O ESTADO É LAICO, MAS PARATY É LEIGA

Samara Donário

Charge de Samara Donário

Paraty é uma cidade conhecida por sua grande diversidade étnica e cultural. A interação entre quilombolas, índios e caiçaras é justamente um de seus maiores charmes.

A maçonaria é mais um elemento de toda essa diversidade. Com forte influência no município, essa sociedade está presente em todos os cantos, seja no grande emblema colocado no Trevo, ou nos diversos símbolos espalhados pelas esquinas do Centro Histórico. Mas afinal, o que é maçonaria?

Fraternidade extremamente discreta fundada na Inglaterra da Idade Média por trabalhadores, a maçonaria tem como objetivo principal tornar os cidadãos pessoas melhores, através do respeito, da fidelidade e da fraternidade. Ao contrário do que muitos pensam, a maçonaria não é restrita ao catolicismo ou ao cristianismo: seus membros podem seguir a religião que quiserem, o importante é crer em um Deus. É uma sociedade tão poderosa que, segundo o psicólogo e estudioso paratiense José Carlos Lambert, todos os fatos importantes da história brasileira têm relação com a maçonaria. Para amenizar as polêmicas que cercam essa fraternidade, seus membros criaram um lema que diz que “o único segredo da maçonaria é que não há um segredo”.
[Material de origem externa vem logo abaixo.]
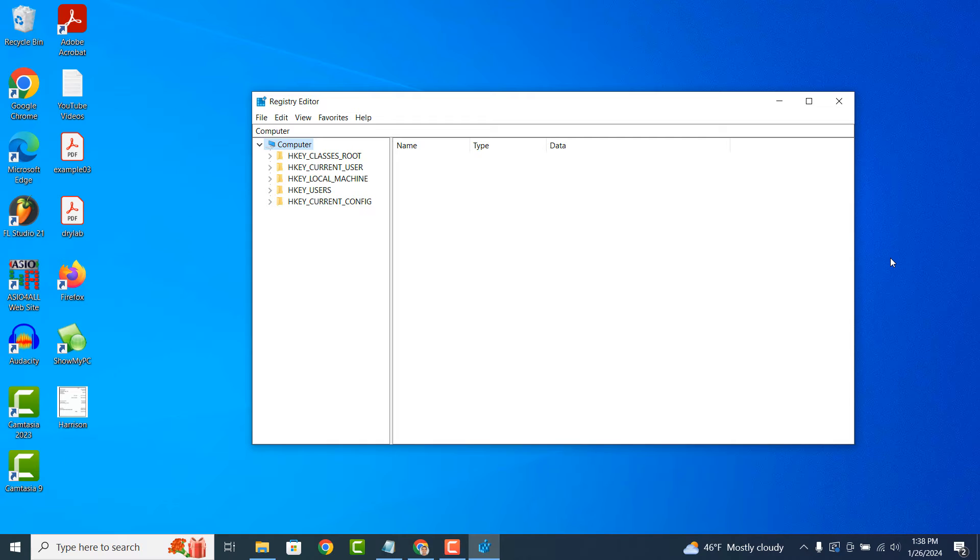In the Registry Editor, users can view, edit, create and delete registry keys and values. However, editing the Registry requires caution, as incorrect changes can potentially cause system instability or errors.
Outra grande corrente cultural, e principalmente religiosa, presente na cidade é o catolicismo. Essa religião é muito importante no contexto histórico da cidade, pois sua fundação teve participação da Igreja Católica. Porém, os jesuítas não vieram para cá apenas para catequizar os residentes locais, também estavam interessados nos benefícios econômicos que ocorriam durante o Ciclo do Ouro. Atualmente, Paraty tem uma vertente católica um pouco enfraquecida, pois existem desavenças entre seus membros.

Com menor participação na população, existem várias outras doutrinas, como, por exemplo, o movimento Hare Krishna. Kadamba, membro desse movimento, explica que o Hare Krishna é uma sociedade baseada na literatura védica milenar de conhecimento transcendental, cuja principal obra de estudo é o “Bhagavad-Gita”.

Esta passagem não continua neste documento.